Facing a legal challenge, Robert Jenrick reversed his decision not to intervene in the dispute, having previously said it was a local matter. In his decision, he cited new climate change advice and rising controversy over the plans, following vocal criticism from government scientific advisers and leading scientists.

The case has a recent precedent: a similar call-in decision was made in 2019 by Jenrick’s predecessor, James Brokenshire, over plans for an opencast mine at Druridge Bay in Northumberland. Jenrick finally rejected the scheme last autumn, 18 months after Brokenshire’s decision.

Cumbria county council will sit alongside the firm bringing the application, West Cumbria Mining, and local campaign group South Lakeland Against Climate Change as the main bodies submitting evidence to the public inquiry.

Although “landscape considerations” took precedence over climate concerns in the Druridge Bay inquiry, campaigners say they are hopeful that the government’s climate commitments will be central to the Cumbria inquiry.
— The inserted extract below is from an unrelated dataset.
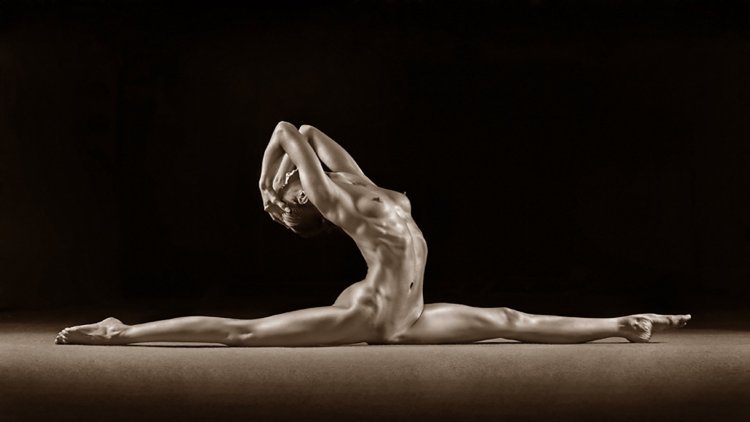 Gymnastic poses nude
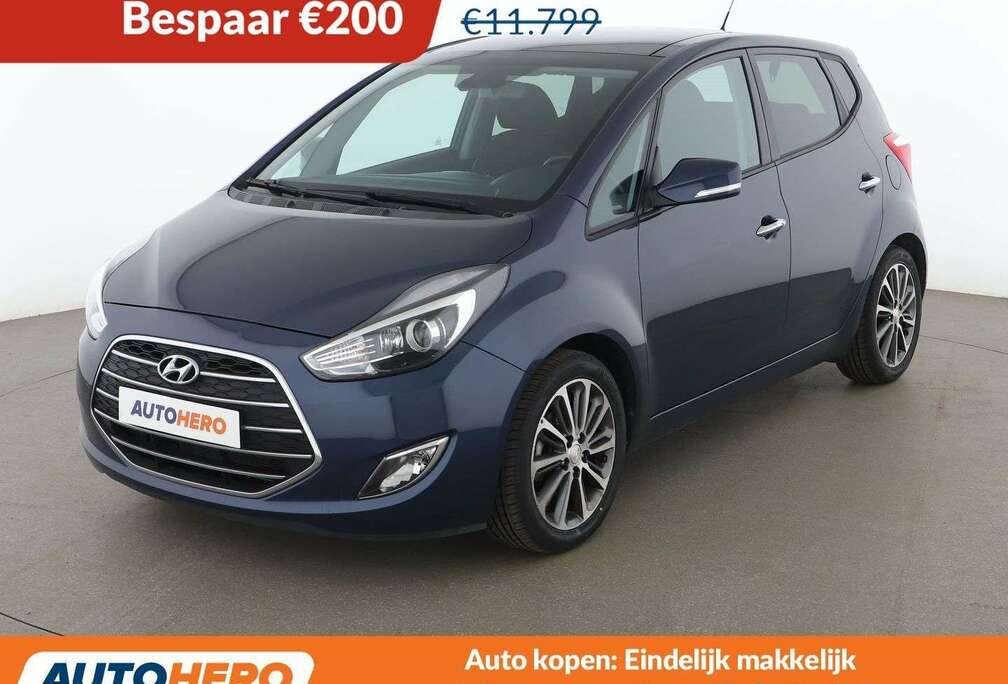 Hyundai 1.6 Style Blue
The Committee on Climate Change, the government’s statutory advisers, urged a 78% cut in the UK’s carbon emissions by 2035 in order to meet the government’s legally binding target of net-zero emissions by 2050.
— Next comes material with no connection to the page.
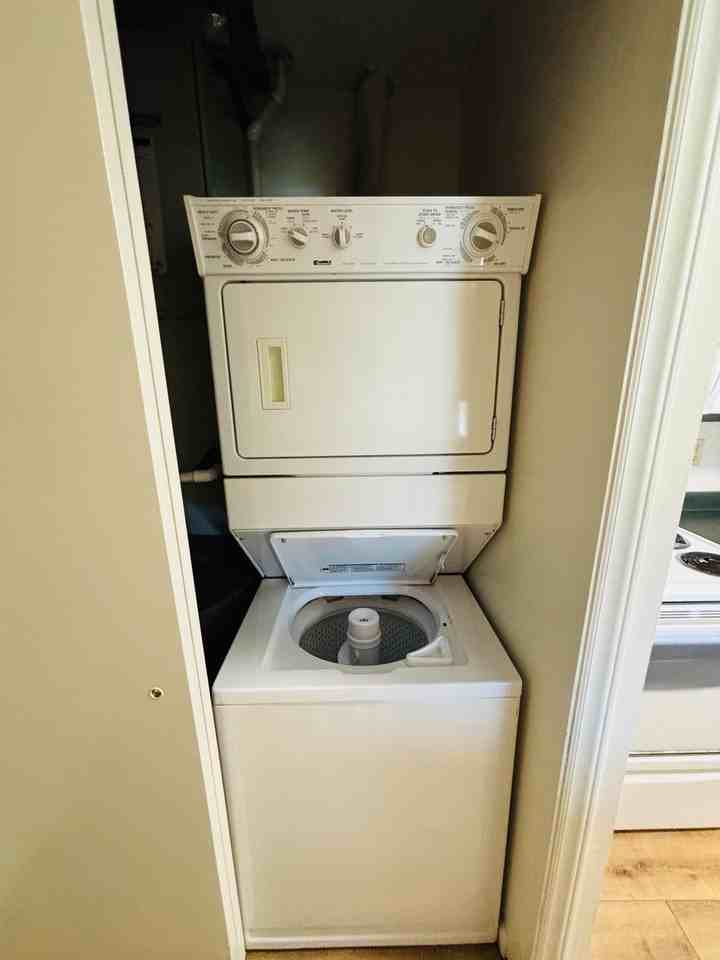 800 Orchard St - Photo 5 of 11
Supporters of the mine argue that extracting coking coal in west Cumbria will reduce domestic industry’s reliance on imported coal, thus cutting carbon emissions that they say the UK “outsources” to other countries at present.

But campaigners say the 2.7m tonnes of coking coal that would be extracted each year from beneath the Irish Sea will greatly exceed the projected domestic demand for the resource, with just 360,000 tonnes – about 15% of the total – expected to be supplied to UK-based firms.

In a letter to the county council announcing the decision, the Department of Communities, Housing and Local Government advised that Jenrick “particularly wishes to be informed about” how the mining plans would square with the government’s climate change commitments, along with policy on the sustainable use of minerals and sustainable development in the area.

Jenrick will be entitled not to follow the planning inspector’s recommendation once it is made. However, campaigners say he may leave himself open to legal challenge if he is considered to have ignored the inspector’s findings.

The inquiry is set to take place in early summer and is expected to last about two weeks. Its conclusions, and a subsequent government decision, may not be forthcoming until next year.

Environmental campaigners hope the decision’s proximity to the Cop26 UN climate summit, which the UK is hosting in November, may sway the government’s decision, with intensive lobbying expected from both camps.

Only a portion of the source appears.